• **GOAL OF THE EXERCISE**: When you transcribe the listing, keep each line exact and drop the pictures.

• **RECORDED INFORMATION**:
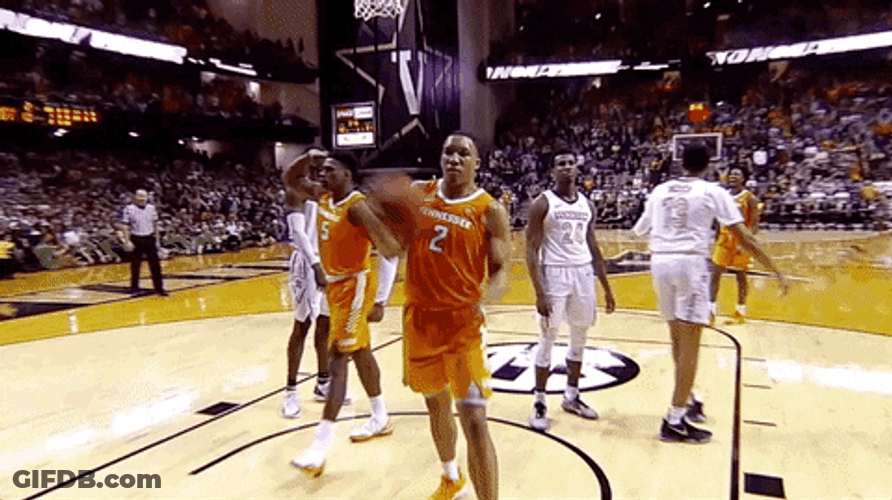 Rocky Top Player Flexing His Bicep GIF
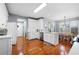 This eat-in kitchen with all-white cabinets, stainless appliances, and a center island flows into the dining area at 5628 Harbormist Dr, Powder Springs, GA 30127
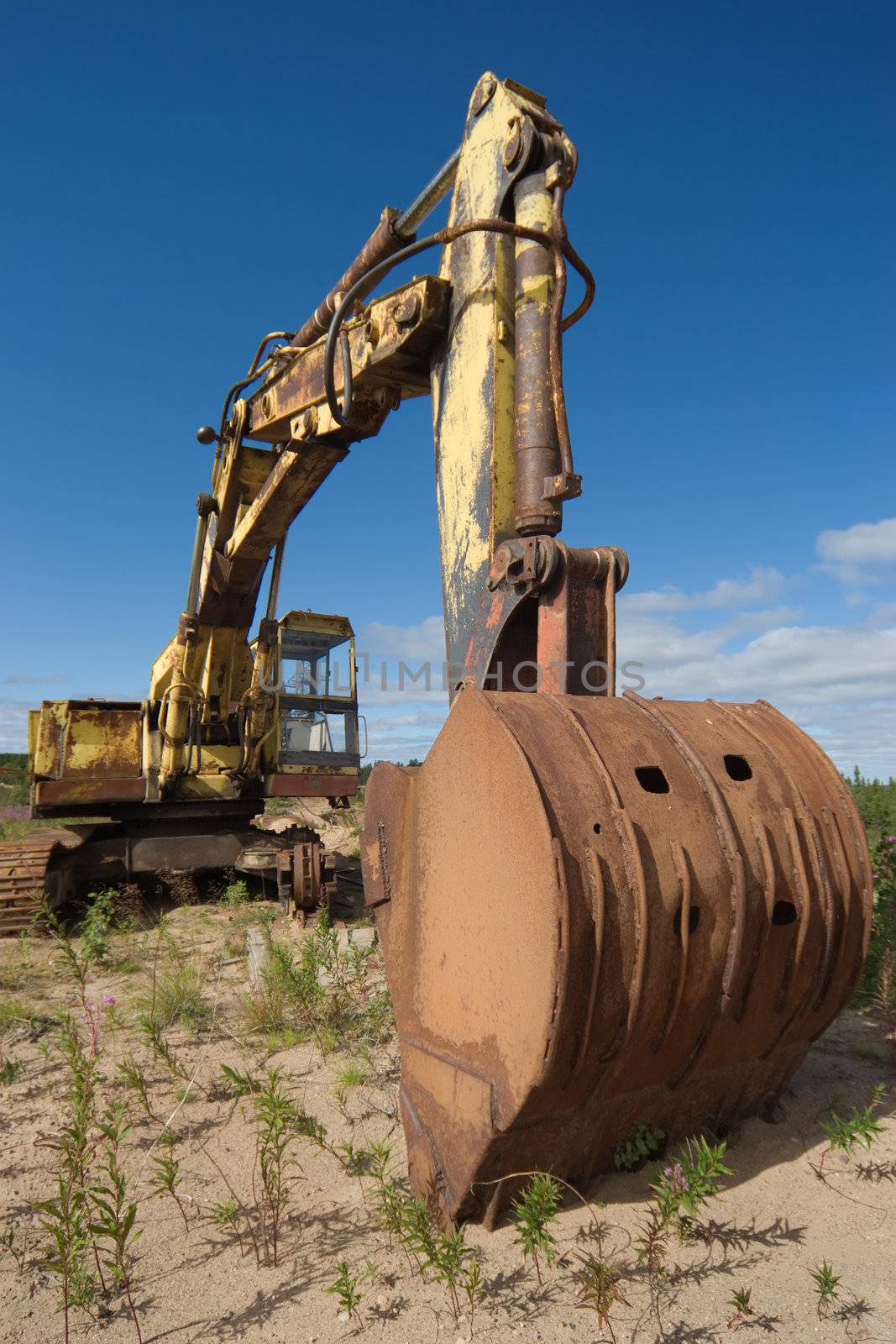 Old destruction rusty excavator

• **REPLY**:
 Rocky Top Player Flexing His Bicep GIF
 This eat-in kitchen with all-white cabinets, stainless appliances, and a center island flows into the dining area at 5628 Harbormist Dr, Powder Springs, GA 30127
 Old destruction rusty excavator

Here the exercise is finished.